Honeyville History


Honeyville

While Abraham Hunsaker was still a resident of Brigham City, he secured land for pasture and grazing purposes in what is now Honeyville.  Lewis N. Boothe, in his autobiography, says: "During the early season of 1861, I rented a piece of land from Abraham Hunsaker, intending to raise a small garden."  He didn't say exactly where the land was located, but since the oldest residents of Honeyville remember that Lewis N. Boothe and his brother, John Boothe, were the first to use the land in the locality near the Cold Spring for agricultural purposes, we conclude that Honeyville had its beginning in the very early 1860's.

The first permanent home was built in 1866 by Joseph Orme of Calls Fort on land purchased from Chester Loveland.  Emily Orme Boothe, daughter of Joseph and Emily Green Orme, was the first white child born in Honeyville.  In the mid-sixties, Abraham Hunsaker moved his families to the Honeyville area.  Eliza Collins Hunsaker lived in a log house on Salt Creek.  Other members of the family spent the summers here caring for the animals and cultivating dry land grain and other crops.  They moved back to Brigham City for the winters.

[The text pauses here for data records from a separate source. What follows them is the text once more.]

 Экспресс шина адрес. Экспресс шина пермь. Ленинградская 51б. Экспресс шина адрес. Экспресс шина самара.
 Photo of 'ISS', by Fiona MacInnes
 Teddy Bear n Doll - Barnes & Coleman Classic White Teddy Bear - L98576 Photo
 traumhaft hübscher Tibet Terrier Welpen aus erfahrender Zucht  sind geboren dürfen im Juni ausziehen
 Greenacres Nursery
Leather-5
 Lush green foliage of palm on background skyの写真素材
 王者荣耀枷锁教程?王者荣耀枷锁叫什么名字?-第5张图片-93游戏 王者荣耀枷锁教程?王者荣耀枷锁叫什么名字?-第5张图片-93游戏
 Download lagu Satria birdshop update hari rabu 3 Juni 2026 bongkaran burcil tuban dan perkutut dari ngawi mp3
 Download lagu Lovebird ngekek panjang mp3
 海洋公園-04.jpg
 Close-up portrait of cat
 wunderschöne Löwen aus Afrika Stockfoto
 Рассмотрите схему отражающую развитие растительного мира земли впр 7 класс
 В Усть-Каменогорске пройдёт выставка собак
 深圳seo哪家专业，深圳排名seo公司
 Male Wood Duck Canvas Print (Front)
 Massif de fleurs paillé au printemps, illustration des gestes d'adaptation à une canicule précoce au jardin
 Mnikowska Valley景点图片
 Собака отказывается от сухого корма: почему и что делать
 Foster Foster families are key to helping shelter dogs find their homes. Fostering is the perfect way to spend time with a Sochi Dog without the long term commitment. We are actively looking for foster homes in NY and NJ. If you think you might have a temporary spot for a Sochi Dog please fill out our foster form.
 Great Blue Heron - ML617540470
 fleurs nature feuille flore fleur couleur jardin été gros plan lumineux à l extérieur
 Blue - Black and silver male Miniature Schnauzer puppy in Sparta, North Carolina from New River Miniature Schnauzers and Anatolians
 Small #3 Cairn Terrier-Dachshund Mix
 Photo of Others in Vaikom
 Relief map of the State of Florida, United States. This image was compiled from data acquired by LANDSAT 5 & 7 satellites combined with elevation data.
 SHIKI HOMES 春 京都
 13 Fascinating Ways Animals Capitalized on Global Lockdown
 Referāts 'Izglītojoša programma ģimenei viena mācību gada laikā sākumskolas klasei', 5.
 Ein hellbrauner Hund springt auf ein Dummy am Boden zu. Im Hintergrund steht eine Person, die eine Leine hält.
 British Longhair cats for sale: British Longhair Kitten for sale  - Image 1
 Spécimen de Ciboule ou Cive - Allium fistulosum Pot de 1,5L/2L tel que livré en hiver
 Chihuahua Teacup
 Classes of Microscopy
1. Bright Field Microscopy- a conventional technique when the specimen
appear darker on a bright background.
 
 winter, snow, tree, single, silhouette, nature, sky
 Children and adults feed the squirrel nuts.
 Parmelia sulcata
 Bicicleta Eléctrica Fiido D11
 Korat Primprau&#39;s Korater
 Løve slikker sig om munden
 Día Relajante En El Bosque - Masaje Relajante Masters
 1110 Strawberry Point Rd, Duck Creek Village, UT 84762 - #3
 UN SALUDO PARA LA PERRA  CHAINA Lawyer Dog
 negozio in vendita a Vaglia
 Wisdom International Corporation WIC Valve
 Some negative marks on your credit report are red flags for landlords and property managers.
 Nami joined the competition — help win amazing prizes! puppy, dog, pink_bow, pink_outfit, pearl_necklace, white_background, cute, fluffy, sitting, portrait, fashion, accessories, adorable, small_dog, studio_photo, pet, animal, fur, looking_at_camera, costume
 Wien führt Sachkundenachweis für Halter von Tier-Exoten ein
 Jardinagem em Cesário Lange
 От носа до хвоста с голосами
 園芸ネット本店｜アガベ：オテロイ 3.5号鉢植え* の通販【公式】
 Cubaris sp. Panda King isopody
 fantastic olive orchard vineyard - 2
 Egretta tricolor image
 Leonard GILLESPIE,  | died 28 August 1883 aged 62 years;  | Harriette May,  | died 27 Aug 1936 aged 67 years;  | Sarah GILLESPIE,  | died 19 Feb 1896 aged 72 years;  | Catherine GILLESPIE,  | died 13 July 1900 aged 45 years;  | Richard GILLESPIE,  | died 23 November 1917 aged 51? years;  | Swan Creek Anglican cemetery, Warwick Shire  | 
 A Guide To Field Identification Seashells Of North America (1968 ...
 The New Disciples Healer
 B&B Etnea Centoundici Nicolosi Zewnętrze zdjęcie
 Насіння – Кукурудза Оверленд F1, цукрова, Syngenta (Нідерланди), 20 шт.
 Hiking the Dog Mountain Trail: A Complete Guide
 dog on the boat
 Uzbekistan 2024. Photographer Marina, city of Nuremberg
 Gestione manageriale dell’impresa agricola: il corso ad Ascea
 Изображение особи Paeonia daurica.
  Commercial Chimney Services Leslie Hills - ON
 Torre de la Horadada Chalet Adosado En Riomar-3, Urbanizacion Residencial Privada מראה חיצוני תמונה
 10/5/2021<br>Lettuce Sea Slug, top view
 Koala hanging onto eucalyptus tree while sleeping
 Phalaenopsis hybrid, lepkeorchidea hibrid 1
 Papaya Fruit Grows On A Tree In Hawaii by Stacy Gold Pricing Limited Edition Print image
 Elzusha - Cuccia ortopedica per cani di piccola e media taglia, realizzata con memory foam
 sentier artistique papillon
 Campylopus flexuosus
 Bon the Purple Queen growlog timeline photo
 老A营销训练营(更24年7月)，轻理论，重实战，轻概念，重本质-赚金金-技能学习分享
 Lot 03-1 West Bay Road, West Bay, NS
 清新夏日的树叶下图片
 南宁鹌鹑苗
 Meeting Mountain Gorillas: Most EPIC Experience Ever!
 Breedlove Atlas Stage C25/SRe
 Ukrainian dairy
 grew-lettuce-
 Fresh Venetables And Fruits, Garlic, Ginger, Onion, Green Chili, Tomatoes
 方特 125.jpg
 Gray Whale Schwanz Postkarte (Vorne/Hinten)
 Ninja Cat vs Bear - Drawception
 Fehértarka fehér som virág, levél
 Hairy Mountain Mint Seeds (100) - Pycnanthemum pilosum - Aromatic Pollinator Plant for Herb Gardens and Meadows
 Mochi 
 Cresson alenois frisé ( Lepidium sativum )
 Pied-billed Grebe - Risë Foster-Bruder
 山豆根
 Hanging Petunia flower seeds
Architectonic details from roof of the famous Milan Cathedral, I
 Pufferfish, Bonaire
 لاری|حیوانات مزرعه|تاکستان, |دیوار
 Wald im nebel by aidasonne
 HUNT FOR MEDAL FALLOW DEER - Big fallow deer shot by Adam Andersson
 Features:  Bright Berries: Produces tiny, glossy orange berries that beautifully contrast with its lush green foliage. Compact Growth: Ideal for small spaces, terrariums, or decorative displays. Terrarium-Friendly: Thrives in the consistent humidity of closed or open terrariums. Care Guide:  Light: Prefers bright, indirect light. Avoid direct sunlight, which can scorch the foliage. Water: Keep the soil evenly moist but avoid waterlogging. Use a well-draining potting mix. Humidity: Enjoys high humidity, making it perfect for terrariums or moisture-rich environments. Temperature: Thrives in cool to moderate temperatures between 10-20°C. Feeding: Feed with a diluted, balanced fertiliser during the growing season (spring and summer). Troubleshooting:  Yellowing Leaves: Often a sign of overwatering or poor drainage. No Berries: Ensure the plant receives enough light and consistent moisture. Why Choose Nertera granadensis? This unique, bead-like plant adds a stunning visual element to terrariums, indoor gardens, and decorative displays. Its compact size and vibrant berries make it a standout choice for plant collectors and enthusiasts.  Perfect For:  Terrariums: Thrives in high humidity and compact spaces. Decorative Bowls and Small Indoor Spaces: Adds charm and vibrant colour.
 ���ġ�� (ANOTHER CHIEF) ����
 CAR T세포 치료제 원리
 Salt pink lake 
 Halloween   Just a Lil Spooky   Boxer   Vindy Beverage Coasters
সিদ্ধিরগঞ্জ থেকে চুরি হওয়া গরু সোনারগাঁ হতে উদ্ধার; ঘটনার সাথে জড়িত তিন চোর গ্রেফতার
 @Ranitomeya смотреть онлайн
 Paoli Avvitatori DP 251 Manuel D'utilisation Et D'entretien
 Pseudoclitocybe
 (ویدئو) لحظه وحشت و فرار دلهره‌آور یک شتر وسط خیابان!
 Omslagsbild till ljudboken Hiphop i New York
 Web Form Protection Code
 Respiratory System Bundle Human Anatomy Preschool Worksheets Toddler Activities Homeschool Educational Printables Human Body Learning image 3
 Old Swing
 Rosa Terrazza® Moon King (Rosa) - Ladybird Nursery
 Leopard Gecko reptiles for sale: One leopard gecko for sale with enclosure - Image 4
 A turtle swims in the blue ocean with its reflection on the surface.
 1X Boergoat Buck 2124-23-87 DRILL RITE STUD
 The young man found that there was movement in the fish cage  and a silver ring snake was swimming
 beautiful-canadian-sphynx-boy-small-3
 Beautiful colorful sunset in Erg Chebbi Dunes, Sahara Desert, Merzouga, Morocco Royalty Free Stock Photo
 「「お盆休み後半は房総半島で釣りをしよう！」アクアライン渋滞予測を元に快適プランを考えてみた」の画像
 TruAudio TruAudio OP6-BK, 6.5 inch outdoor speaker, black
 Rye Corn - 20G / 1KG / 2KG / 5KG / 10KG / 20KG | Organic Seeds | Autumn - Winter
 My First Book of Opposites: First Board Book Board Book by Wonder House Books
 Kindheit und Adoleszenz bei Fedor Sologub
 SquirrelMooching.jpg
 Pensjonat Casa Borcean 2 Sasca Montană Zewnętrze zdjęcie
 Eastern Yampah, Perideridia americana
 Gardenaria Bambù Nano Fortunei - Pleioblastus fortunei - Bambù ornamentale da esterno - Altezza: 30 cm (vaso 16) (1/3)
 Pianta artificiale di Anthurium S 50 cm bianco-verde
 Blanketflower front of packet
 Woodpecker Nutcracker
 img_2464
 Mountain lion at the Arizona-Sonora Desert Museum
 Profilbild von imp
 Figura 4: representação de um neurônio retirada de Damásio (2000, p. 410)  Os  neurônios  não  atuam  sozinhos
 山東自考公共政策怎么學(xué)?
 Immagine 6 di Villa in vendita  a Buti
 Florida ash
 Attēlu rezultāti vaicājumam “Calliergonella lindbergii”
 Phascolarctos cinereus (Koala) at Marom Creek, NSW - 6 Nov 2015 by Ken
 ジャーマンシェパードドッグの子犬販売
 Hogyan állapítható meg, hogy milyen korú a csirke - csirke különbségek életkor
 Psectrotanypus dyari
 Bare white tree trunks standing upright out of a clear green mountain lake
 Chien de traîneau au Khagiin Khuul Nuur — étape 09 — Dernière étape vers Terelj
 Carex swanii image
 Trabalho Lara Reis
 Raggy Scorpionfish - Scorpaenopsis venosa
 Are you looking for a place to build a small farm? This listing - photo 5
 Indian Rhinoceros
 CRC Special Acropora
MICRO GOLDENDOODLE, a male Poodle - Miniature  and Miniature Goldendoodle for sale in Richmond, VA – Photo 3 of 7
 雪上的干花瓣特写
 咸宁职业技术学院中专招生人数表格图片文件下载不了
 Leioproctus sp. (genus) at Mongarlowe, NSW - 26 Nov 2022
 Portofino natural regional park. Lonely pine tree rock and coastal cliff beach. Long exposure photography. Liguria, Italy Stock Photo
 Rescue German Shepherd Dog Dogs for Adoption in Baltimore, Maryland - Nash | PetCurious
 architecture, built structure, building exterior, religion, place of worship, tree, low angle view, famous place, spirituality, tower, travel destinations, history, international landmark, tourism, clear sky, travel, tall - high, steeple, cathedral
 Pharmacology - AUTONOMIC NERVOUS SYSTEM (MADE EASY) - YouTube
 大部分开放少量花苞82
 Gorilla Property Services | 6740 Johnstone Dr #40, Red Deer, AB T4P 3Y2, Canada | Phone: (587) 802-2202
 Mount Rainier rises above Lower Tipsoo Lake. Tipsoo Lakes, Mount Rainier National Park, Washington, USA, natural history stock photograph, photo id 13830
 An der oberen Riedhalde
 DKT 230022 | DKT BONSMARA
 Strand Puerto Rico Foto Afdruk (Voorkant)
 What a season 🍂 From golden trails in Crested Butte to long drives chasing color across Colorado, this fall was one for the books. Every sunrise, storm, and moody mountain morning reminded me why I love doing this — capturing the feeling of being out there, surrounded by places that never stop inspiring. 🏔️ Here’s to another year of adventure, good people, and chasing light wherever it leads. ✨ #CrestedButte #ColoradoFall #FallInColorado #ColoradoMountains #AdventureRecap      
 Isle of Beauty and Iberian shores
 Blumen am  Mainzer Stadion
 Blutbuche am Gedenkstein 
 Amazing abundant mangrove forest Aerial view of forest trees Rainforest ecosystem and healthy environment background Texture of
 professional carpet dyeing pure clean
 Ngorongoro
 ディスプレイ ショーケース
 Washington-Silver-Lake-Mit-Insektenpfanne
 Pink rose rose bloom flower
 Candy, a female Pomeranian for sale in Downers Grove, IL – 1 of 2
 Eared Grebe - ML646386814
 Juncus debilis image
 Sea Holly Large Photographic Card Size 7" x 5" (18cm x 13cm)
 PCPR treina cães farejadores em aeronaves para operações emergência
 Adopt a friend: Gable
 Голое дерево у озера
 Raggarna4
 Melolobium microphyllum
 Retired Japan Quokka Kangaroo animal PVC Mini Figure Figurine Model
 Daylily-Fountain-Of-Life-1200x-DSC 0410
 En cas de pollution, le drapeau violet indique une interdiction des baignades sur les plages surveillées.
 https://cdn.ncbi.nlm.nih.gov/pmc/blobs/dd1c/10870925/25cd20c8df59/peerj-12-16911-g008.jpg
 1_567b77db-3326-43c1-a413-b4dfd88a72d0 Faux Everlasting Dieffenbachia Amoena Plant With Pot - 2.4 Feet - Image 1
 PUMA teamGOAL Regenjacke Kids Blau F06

Frederick J. Graham came to Honeyville from Brigham City in 1887.  Abraham Hunsaker was called as Bishop with B.H. Tolman and Lewis N. Boothe as counselors.  Later a name for the ward was discussed.  Bishop Hunsaker, with several stake officers, called on Joseph Orme (because he was the first permanent settler) to ask his advice in the matter.  Orme suggested that it be named in honor of the bishop.  After some consideration the name Honeyville was chosen in preference to Hunsakerville, as was first suggested.  The area, along with the ward, was also known as Honeyville.

The first school and meeting house was built of rock in 1876.  The building was later occupied by Tolman's Store.  John Bowcutt was the first postmaster.  He was succeeded in April, 1880 by B.H. Tolman.

On July 8, 1911, Honeyville was granted a Town Charter by the Box Elder County Commission.  Israel Hunsaker was selected Town President; Elazrus Hunsaker, Orson Loveland, Abraham Wheatley, and A.R. Burke members of the Town Board, with Abinidis Tolman as Town Clerk.  The town of Honeyville became a third class city on January 1, 1980.